United States v. Walker, 495 F. Supp. 230 (W.D. Pa. 1980)
August 13, 1980
Samuel WALKER, Jr.
United States District Court, W. D. Pennsylvania.
Robert J. Cindrich, U. S. Atty., Pittsburgh, Pa., for United States.
George Schumacher, Pittsburgh, Pa., for Samuel Walker, Jr.
KNOX, District Judge.
The defendant in this case stands indicted for violation of the Mann Act involving the interstate transportation of women from outside the state to and from Erie, Pennsylvania.
The defendant has filed numerous motions in this case and arguments were held thereon at Erie on August 6, 1980. All of the pretrial motions have been satisfactorily disposed of by agreement of counsel or rulings of the court with the exception of defendant's motion for discovery with respect to the testimony of an alleged expert witness to be produced by the government.

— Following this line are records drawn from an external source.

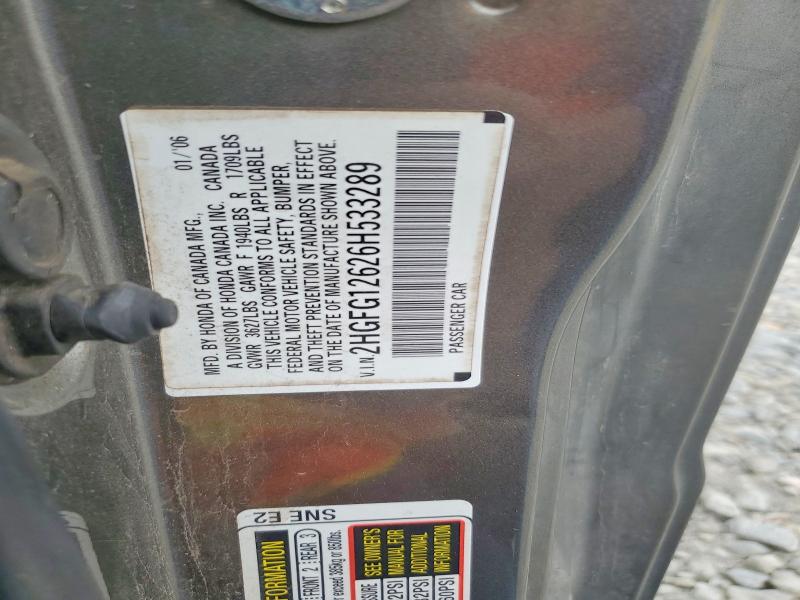 Aukcja sprzedaży 2006 Honda Civic, vin: 2HGFG12626H533289, numer aukcji: 85968055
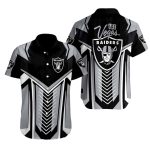 Las Vegas Raiders Logo In My Heart Black And White Hawaiian Shirt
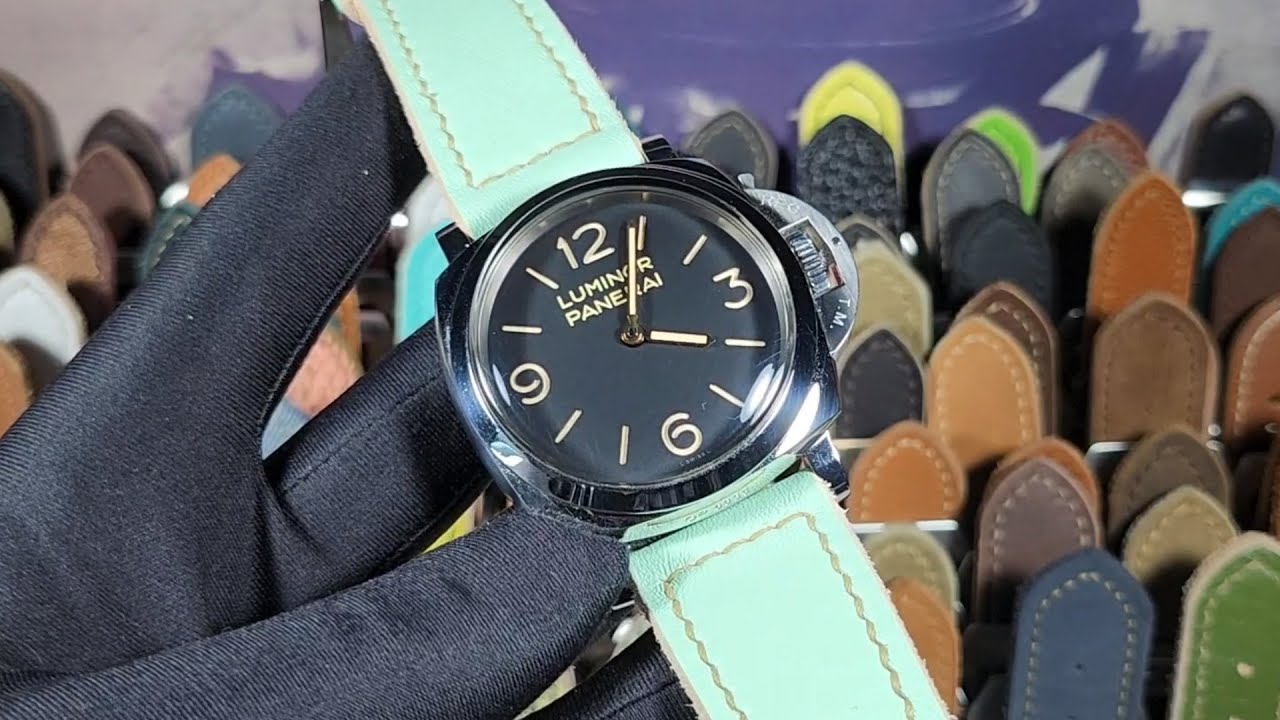 47mm Aftermarket Panerai Strap "Saturday Lover" Handmade with Aged Buckle on Panerai PAM00372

The request for discovery is contained in Section 3(e) of the motion as follows:
"The names, addresses and areas of expertise of any persons the United States intends to call and qualify as expert witnesses at trial. (Mr. Garhart has indicated that he will call an expert witness but refuses to provide Walker with the name, address and area of expertise of the witness)."
The government has filed a response to the motion for discovery which reads as follows:
"The government does not intend to call any expert witness at trial. The government does, however, intend to call a female witness who, among other things, will testify that she was asked by the defendant, Samuel Walker, Jr., to show Deborah Driscoll "the ropes" concerning *231 prostitution. The government expects to elicit testimony from this witness concerning her education of Deborah Driscoll in the skills of prostitution. The government does not intend to elicit from this witness any expert opinions. To be sure, this witness has had a substantial degree of education and training in prostitution and may even be possessed of some skill; however, these factors are not sufficient to put her testimony in the class of expert testimony. The Circuit, in a recent case, Teen-Ed, Inc. v. Kimball International, Inc., 620 F.2d 399 (3d Cir. 1980), had occasion to indicate that not all people possessed of specialized knowledge who intend to testify at trial need be offered as experts."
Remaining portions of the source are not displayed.